Breaking News: Moms Are Vital
By Kevin Thomas | December 12, 2017, 23:44 EST
A child is born, and nothing is ever the same.
We’re not just talking Christmas and THAT child.
Every child.
Every birth should make a difference. Every child should be the priority, for the mother and father.
Is that a controversial statement?
Amazingly, it is.
When Erica Komisar wrote a book titled Being There: Why Prioritizing Motherhood in the First Three Years Matters, it seemed like a no-brainer. Instead, the book is being greeted by silence (from the so-called “liberal media”) or criticisms for its controversial nature.
Again, let’s repeat Komisar’s controversial premise: Motherhood is important for children.
Interestingly, Komisar, a psychoanalyst from New York City, describes herself as a liberal. But when she writes a book, backed up by 30 years of clinical observation and scientific research, the liberals don’t want to hear it.
Why? It will hurt feelings.
In an article in the Wall Street Journal, explaining the backlash against Komisar and her book, she said, “a number of the agents said, ‘No, we couldn’t touch that. That would make women feel guilty.’ ”
When the book came out, Komisar was only interviewed by the so-called “conservative media,” including Fox News and Christian radio stations.
But “I couldn’t get on NPR,” and “I was rejected wholesale — particularly in New York — by the liberal press,” she said in the WSJ article.
Why?
Because we don’t want to admit that our culture no longer values family as the bedrock of civilization; and it ignores the truth that parents have no more significant role than raising their children in an environment of support and love.
Family means sacrifice.

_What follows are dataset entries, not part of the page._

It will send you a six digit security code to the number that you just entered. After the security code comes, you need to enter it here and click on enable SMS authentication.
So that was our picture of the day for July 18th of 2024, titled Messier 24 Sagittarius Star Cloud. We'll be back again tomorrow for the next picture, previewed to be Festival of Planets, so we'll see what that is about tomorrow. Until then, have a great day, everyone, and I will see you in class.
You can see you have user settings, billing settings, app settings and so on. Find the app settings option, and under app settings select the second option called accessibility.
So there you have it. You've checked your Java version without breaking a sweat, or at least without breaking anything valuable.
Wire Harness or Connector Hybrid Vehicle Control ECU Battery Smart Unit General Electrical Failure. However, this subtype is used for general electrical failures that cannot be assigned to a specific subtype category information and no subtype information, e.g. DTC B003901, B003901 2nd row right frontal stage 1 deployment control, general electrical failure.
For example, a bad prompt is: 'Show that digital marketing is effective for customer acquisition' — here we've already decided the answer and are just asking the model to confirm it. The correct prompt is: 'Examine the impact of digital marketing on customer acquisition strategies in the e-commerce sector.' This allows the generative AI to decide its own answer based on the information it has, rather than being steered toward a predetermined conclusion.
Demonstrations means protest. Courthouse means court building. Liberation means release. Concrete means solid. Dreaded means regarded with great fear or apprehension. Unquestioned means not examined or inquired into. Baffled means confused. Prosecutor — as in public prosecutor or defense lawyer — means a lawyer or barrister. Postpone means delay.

We would rather speak of self-fulfillment and following your dreams.
A child can get in the way.
After the Wall Street Journal article, WBUR, a Boston NPR radio station, reached out to Komisar for an interview. The interviewer claimed Komisar’s book was detrimental, saying it was “an enormous burden to put on already-burdened mothers …”
Burden? We used to call it a responsibility.

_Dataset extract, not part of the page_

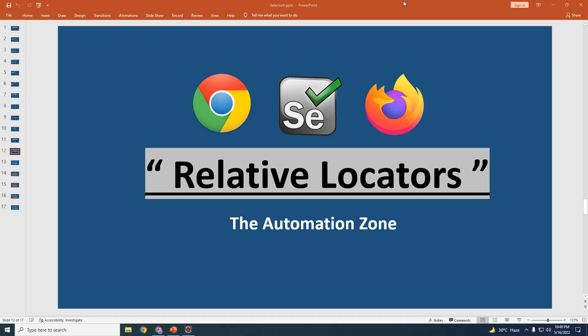Welcome to the Automation Zone. In today's tutorial, we will learn what is a Relative Locator. In our previous two sessions, we have learned what is an XPath and what is a CSS. In today's tutorial, we will learn how to identify an element with the help of some other element or an element relative to it. If you haven't watched the videos of CSS and XPath already, I will be giving the link in the description below.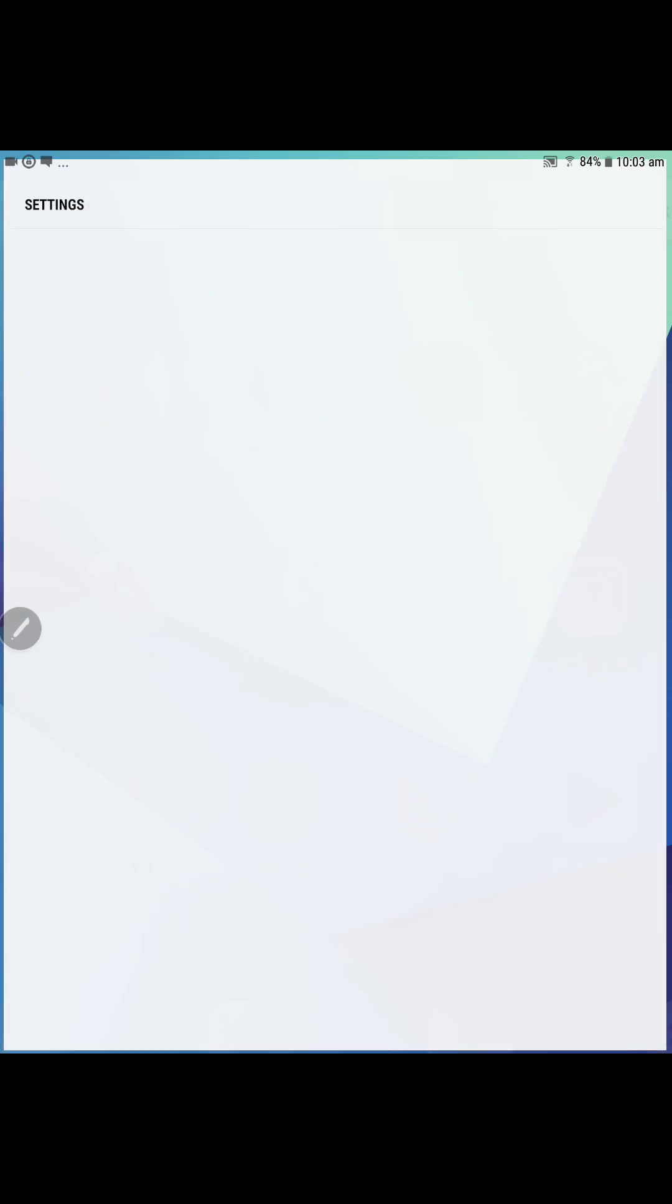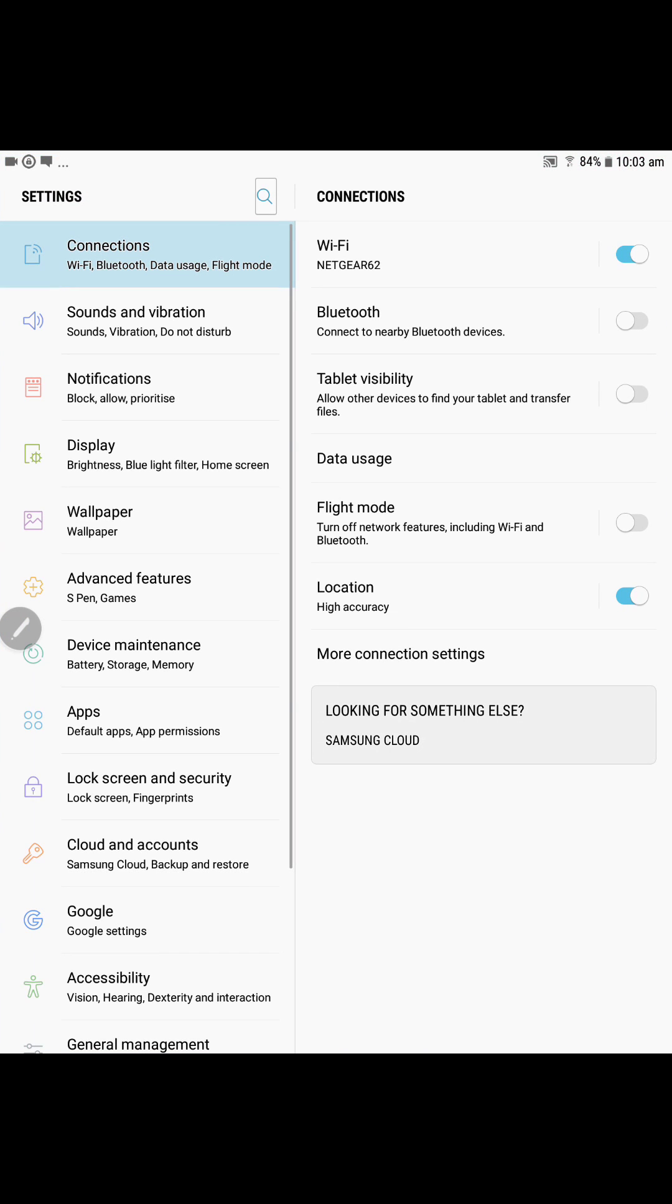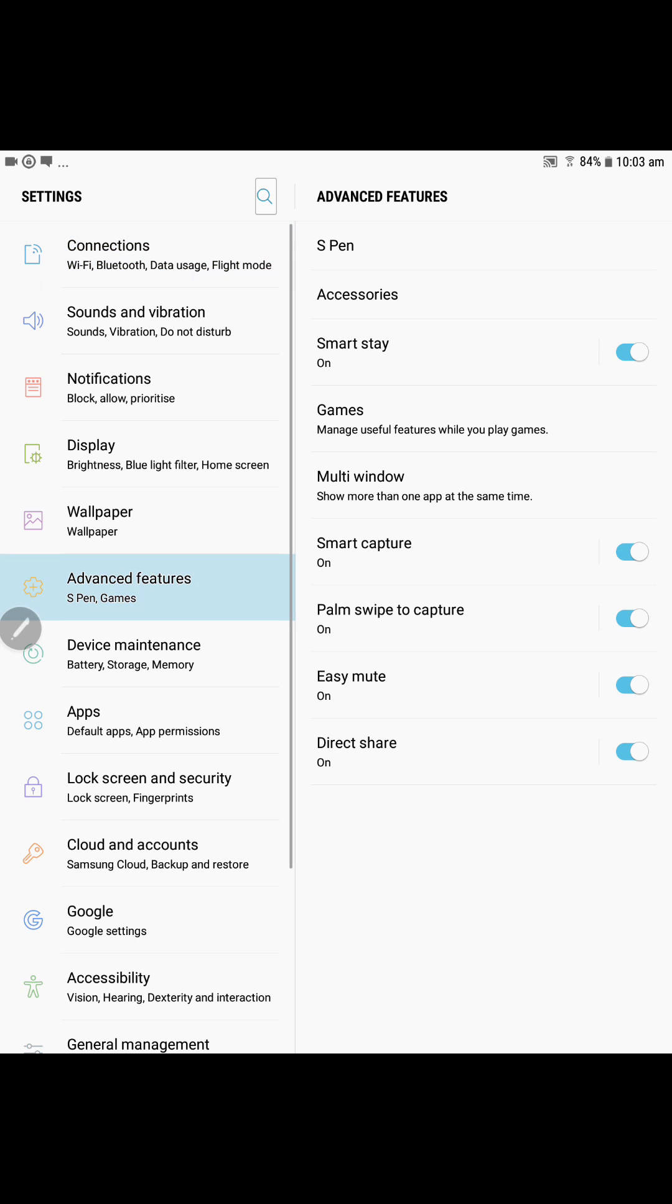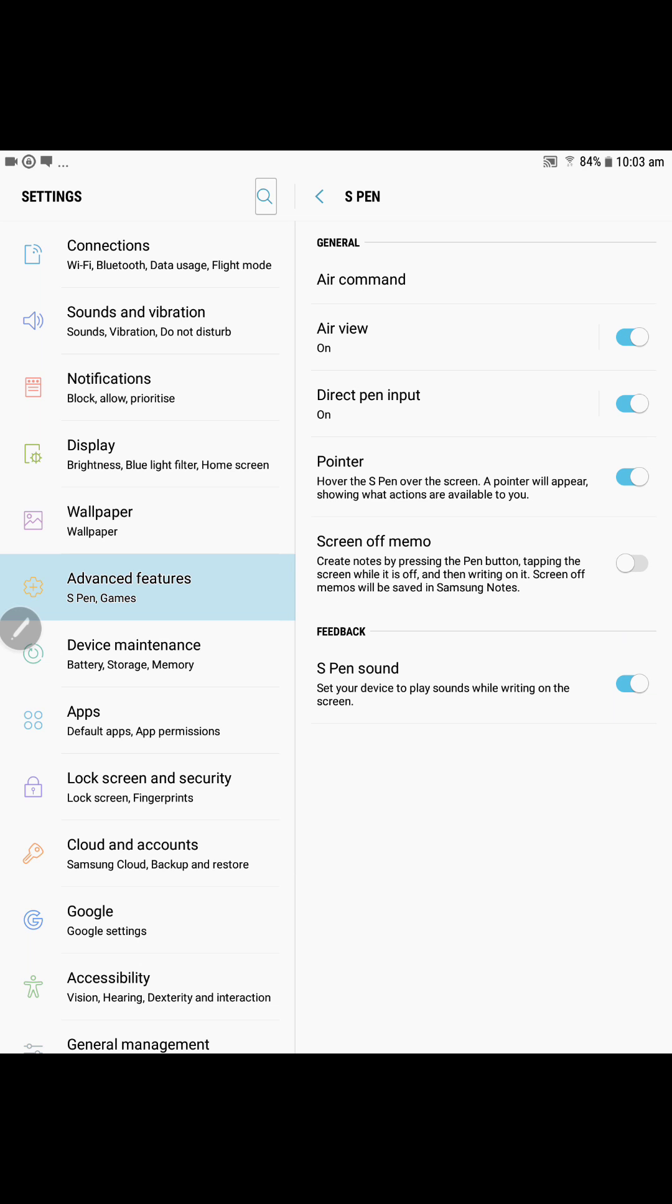Just go into settings, go down to advanced features, and you've got your S Pen at the very top. Just hit that and up comes the air command.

More than once, Komisar had to remind the interviewer that the book was not based on feelings or trends, but on observations and clinical data.

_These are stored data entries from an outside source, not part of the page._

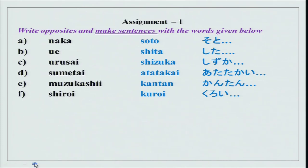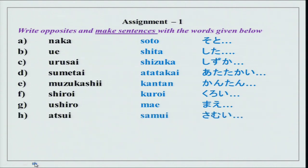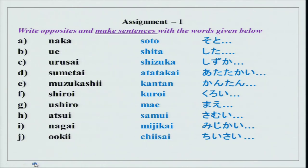Shiroi - the opposite we all know is kuroi, which is black. Ushiro and the opposite is maei. Atsui as in weather, samui is the opposite. Nagai and mijikai - this is for length - nagai as in long and mijikai as in short. Oki and chisai - this is size. All hiragana is given here. We have done some of the kanji characters also, for example naka, soto, ue, shita, shiroi, and oki, chisai. Some kanjis we have done, some we will do now.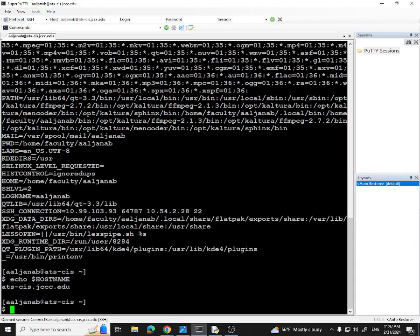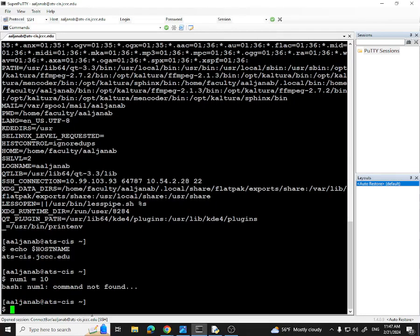Also notice that num1 and num2 are not listed in printenv because they're not environment variables. How do you create your own local variables? I showed you that before. The important thing to pay attention to is that there should be no spaces. If I type num1 space equals 10, that doesn't work — you can see it's failing. So you should not have spaces when creating a variable. To access a variable, you have to put the dollar sign in front of it.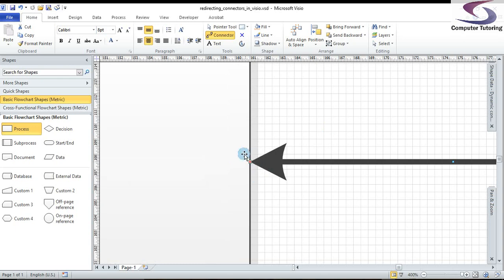This little red denotes that the connector is glued to the shape. Thanks for watching and please stay tuned for other Visio training videos.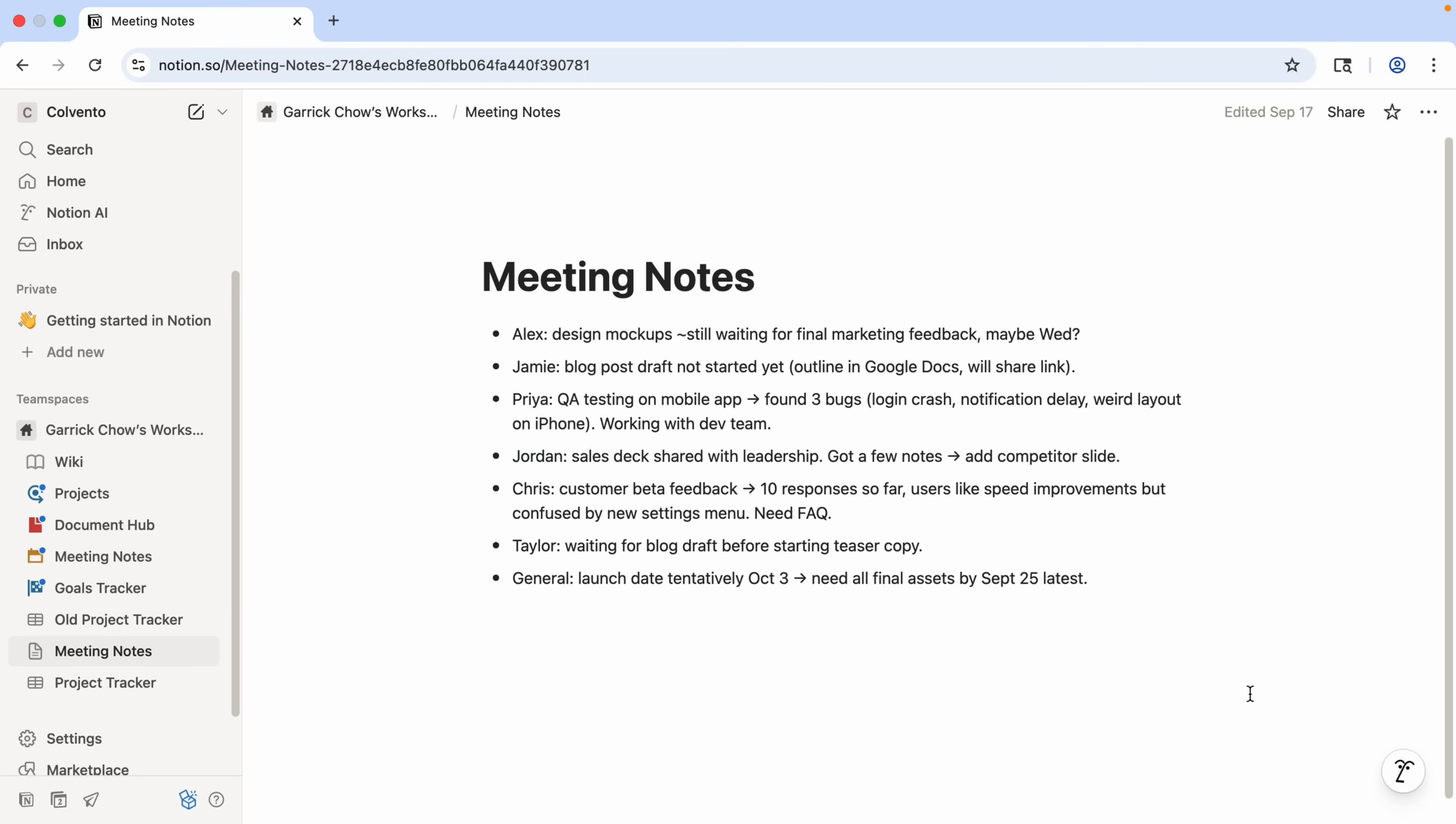Let's start with something simple but really useful, turning messy meeting notes into a polished database. Because we've probably all sat through meetings where we're more focused on jotting down notes than worrying about how they're formatted or organized. So here I have a page with a bunch of notes in no particular order. Let's see how the Notion agent can clean it up and turn it into something usable.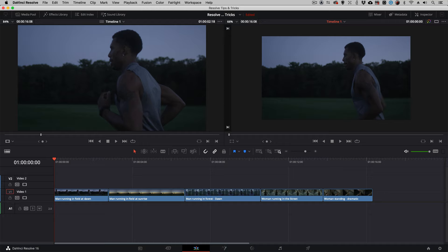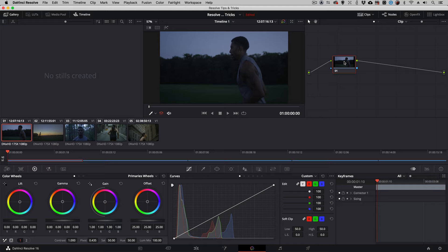How most editors normally do that is they'll select the clip, clips, or even the compound clip that they have in their timeline. They'll navigate to the color module and add a LUT in here.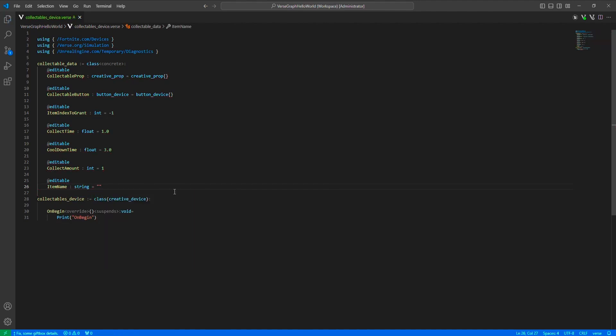As I said, we have all the things we need here — well, almost everything. Most of these are pretty straightforward but maybe you might have a question or two for item index to grant and the cooldown time. Cooldown time is basically the spawn time of the item after it has been collected, but I'm not calling it spawn time because we won't be actually spawning anything. We will just disable and hide the button and the prop after collecting, and then enable and show them after the cooldown time has ended.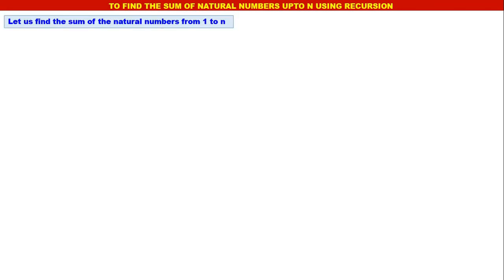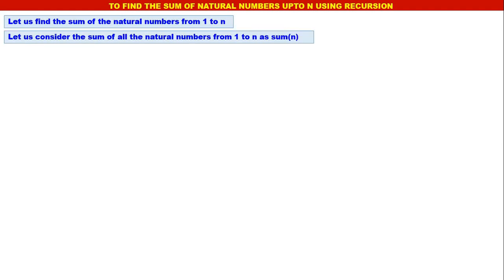My dear students, in this video we will understand how to find the sum of natural numbers up to n using recursion. So let us find the sum of the natural numbers from 1 to n. Let us consider the sum of all the natural numbers from 1 to n as sum of n — that is the notation that we use.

The problem that prompted Komisar’s book was that more children (and younger children) are being diagnosed with mental disorders and behavioral problems, such as ADHD and over-aggression. Her research found a connection between the problems of these children, and a detachment from their mothers.
A mother’s presence in a child’s life, especially the first three years, provides emotional stability that allows the child to handle stress later.
“Mothers are critically important in the first three years of life, and that impacts their emotional well-being,” Komisar said in a promotion for her book. “You can’t be emotionally present, if you’re not physically present, as much of the time as possible.
“There is a critical window of development … in those first three years, the social and emotional part of the brain is developing. And a mother is a critical part of that development. She protects the child from stress. She provides that child with emotional security. And, most importantly, from moment to moment, she helps to regulates that baby’s emotions …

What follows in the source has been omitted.